## Exercise details
Please reproduce the records exactly, leaving out any pictures.

Data extracted from a collection:
☆ ☆ ☆ ☆
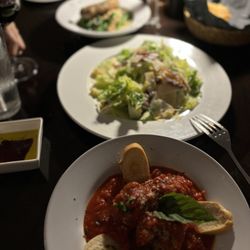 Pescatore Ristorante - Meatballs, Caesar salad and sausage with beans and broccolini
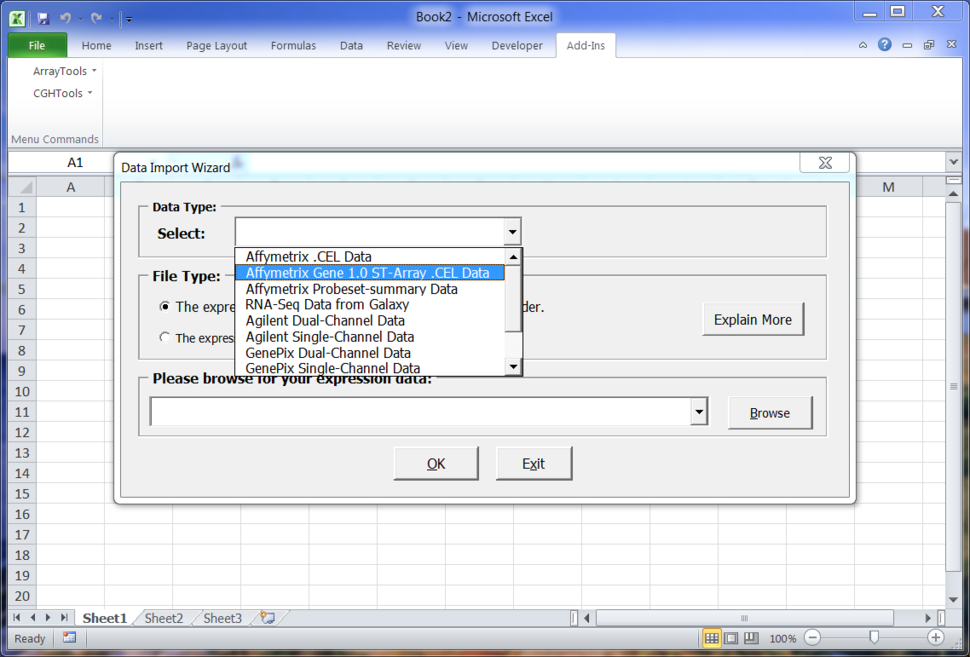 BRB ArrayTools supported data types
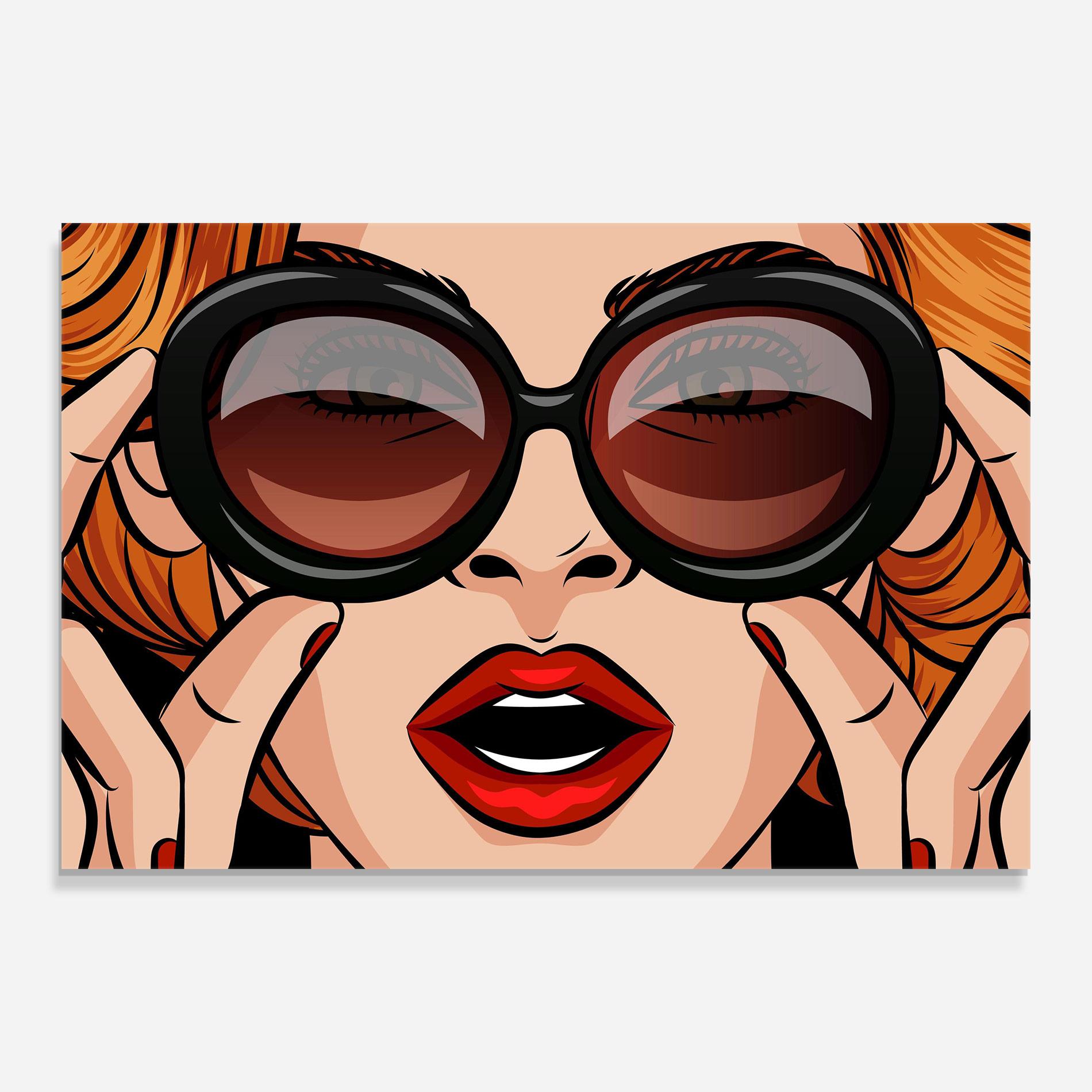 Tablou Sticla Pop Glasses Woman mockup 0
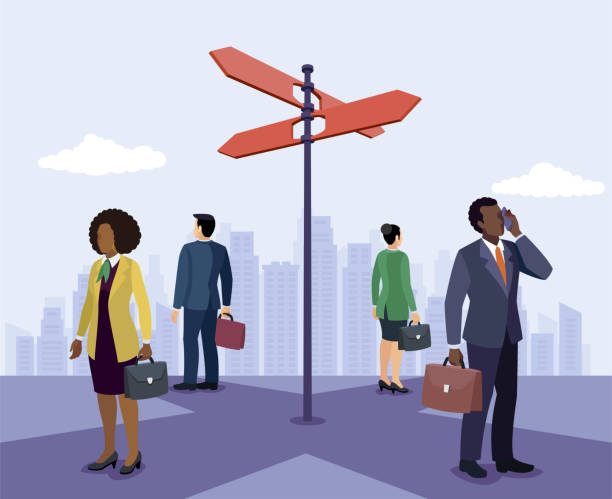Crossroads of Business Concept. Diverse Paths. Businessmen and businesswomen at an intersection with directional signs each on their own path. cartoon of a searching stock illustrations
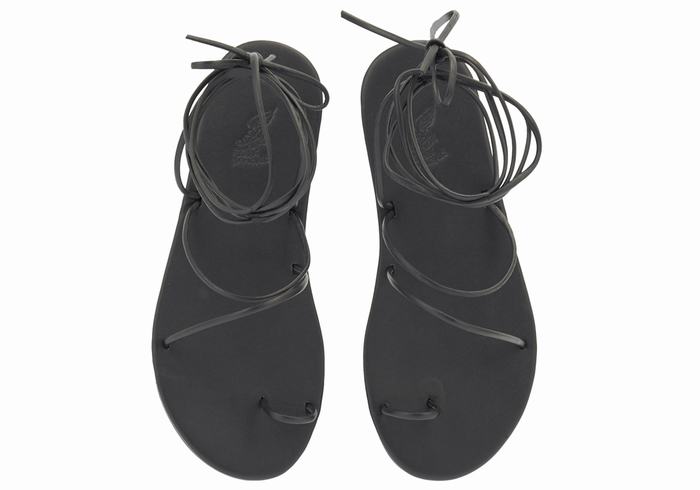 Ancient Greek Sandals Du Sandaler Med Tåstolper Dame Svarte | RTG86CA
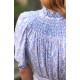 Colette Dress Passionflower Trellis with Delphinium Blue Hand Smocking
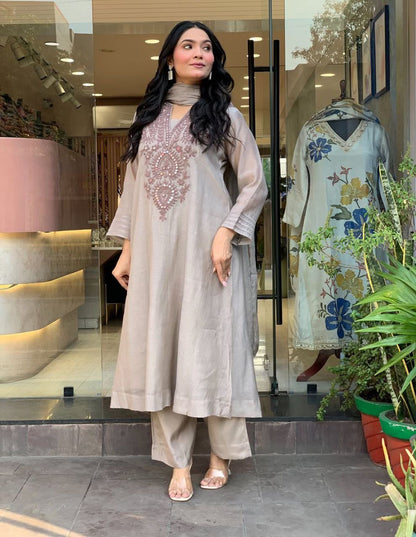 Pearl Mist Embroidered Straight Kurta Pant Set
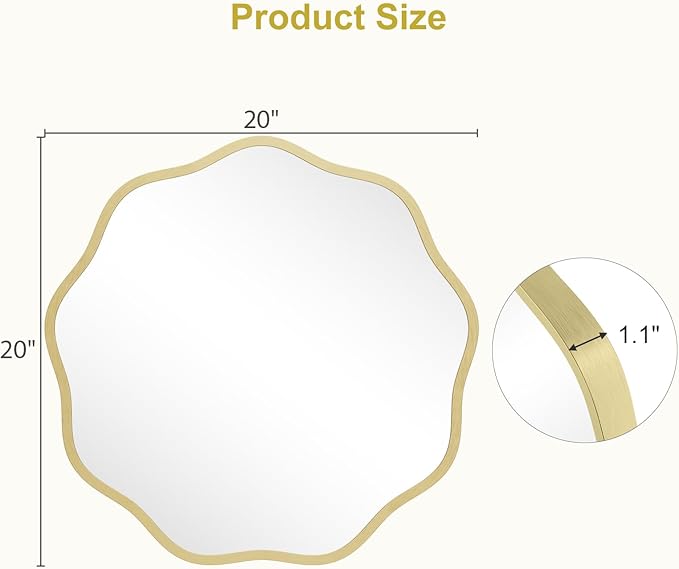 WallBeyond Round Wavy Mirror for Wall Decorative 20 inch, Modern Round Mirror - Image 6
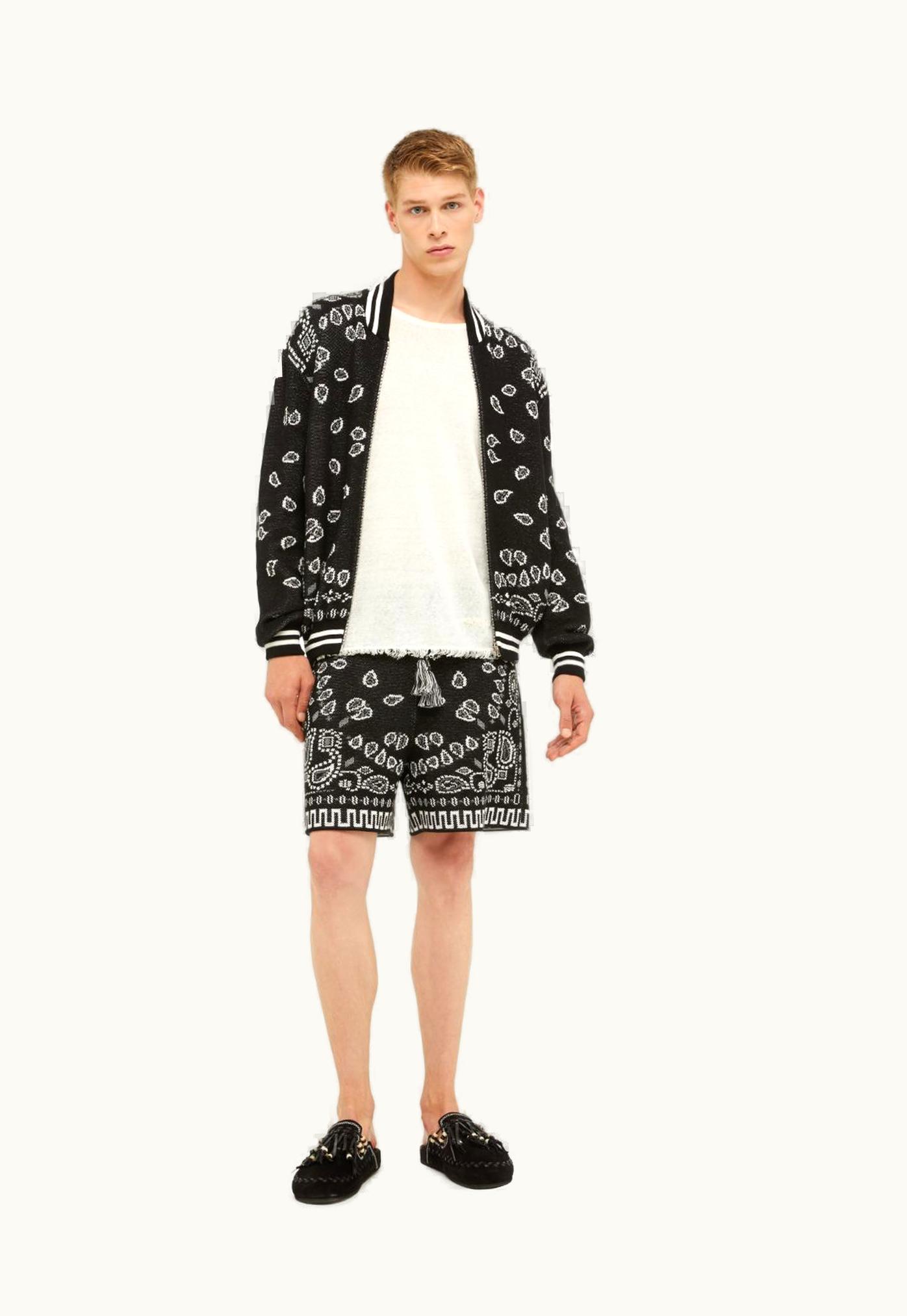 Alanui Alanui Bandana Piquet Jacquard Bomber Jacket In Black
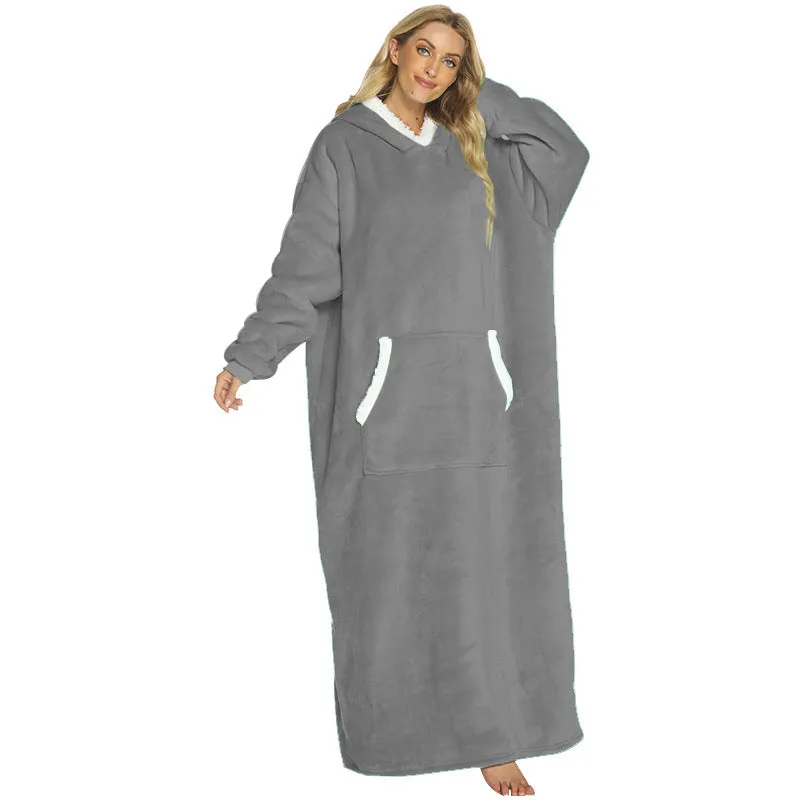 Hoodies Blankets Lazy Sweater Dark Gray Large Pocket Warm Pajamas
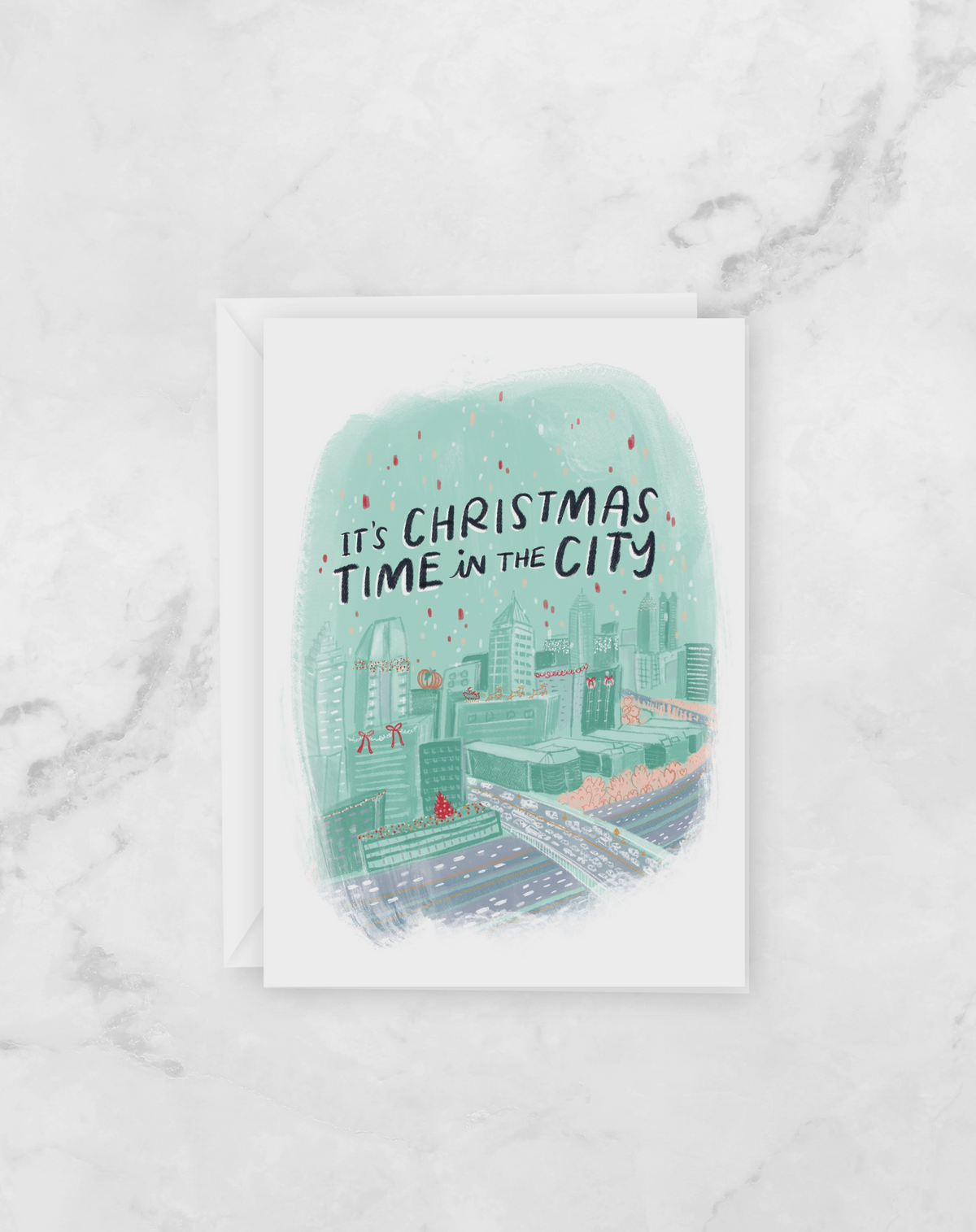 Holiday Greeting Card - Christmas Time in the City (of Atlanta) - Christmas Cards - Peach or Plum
☆ ☆ ☆ ☆
## Output of the task
 Pescatore Ristorante - Meatballs, Caesar salad and sausage with beans and broccolini
 BRB ArrayTools supported data types
 Tablou Sticla Pop Glasses Woman mockup 0
Crossroads of Business Concept. Diverse Paths. Businessmen and businesswomen at an intersection with directional signs each on their own path. cartoon of a searching stock illustrations
 Ancient Greek Sandals Du Sandaler Med Tåstolper Dame Svarte | RTG86CA
 Colette Dress Passionflower Trellis with Delphinium Blue Hand Smocking
 Pearl Mist Embroidered Straight Kurta Pant Set
 WallBeyond Round Wavy Mirror for Wall Decorative 20 inch, Modern Round Mirror - Image 6
 Alanui Alanui Bandana Piquet Jacquard Bomber Jacket In Black
 Hoodies Blankets Lazy Sweater Dark Gray Large Pocket Warm Pajamas
 Holiday Greeting Card - Christmas Time in the City (of Atlanta) - Christmas Cards - Peach or Plum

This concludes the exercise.